§ **EXERCISE**:
Having located "2015 Nissan Note" in the listing below, write out its line and every following line exactly, last line included, without the pictures.
═══
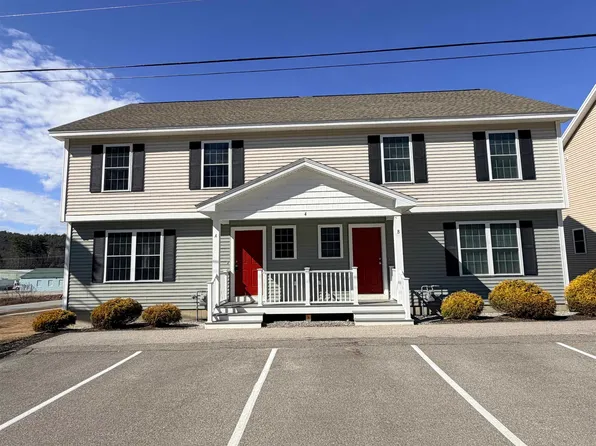 4A Red Oak Way, Boscawen, NH 03303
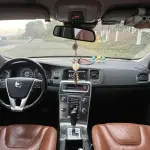 Volvo S60 (Import) 2012 180 л.с. из Китая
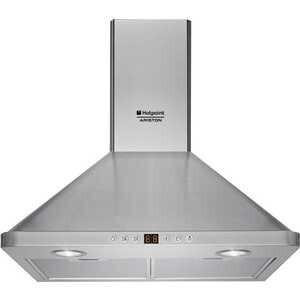 Каминная вытяжка Hotpoint-Ariston HNP 6.5 S CD X/HA Каминная вытяжка Hotpoint-Ariston HNP 6.5 S CD X/HA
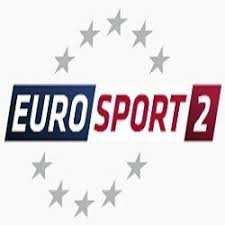 Eurosport 2 logo used from 2011 to 2015. Eurosport 2 Alchetron The Free Social Encyclopedia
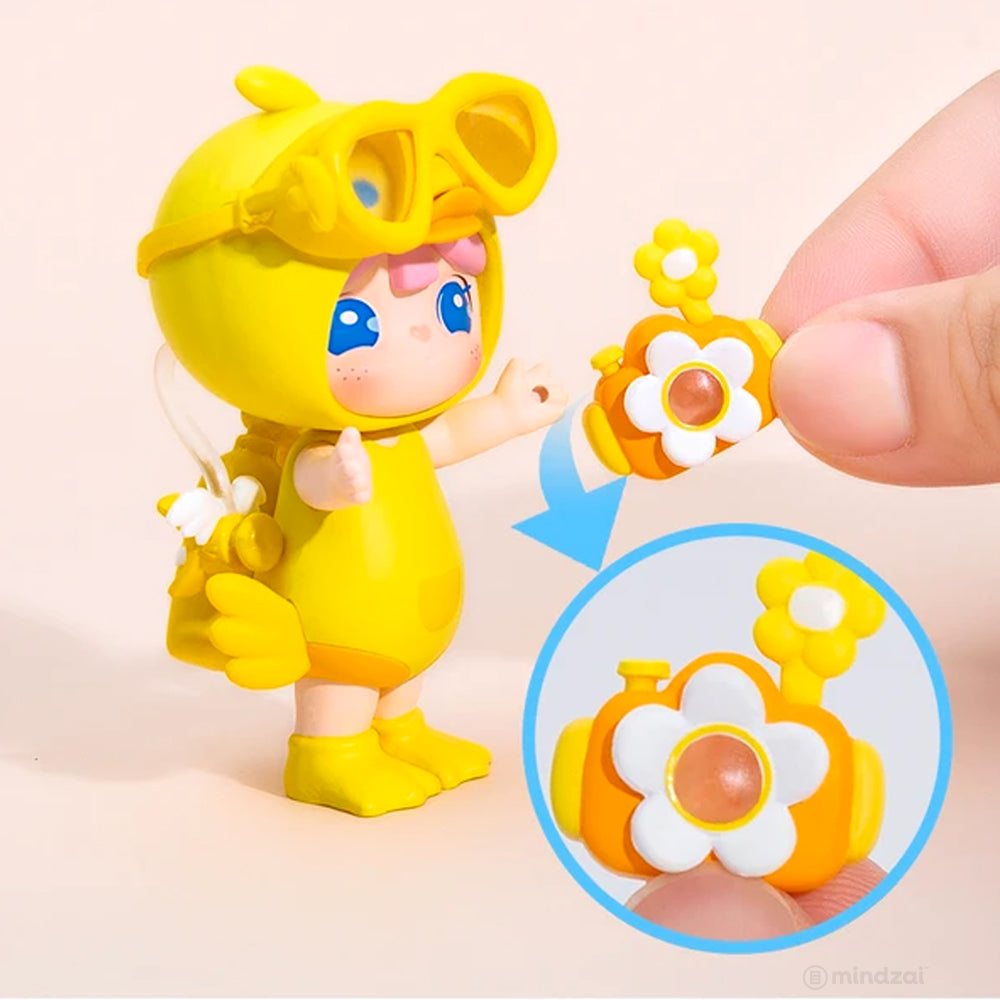 Suri Island Adventure Blind Box Series by Rolife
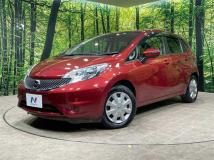 2015 Nissan Note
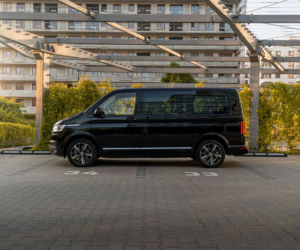 Volkswagen Multivan T6.1 Highline 2.0 TDI 204 KM DSG7 4MOTION
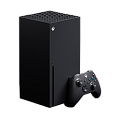 Приставки Xbox Series S / Series X Приставки Xbox Series S / Series X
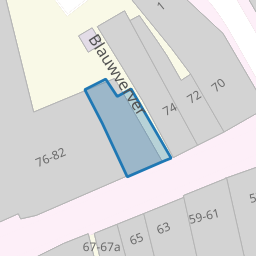 Perceel WTW00-L-2925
═══
§ **RESULT OF THE EXERCISE**:
 2015 Nissan Note
 Volkswagen Multivan T6.1 Highline 2.0 TDI 204 KM DSG7 4MOTION
 Приставки Xbox Series S / Series X Приставки Xbox Series S / Series X
 Perceel WTW00-L-2925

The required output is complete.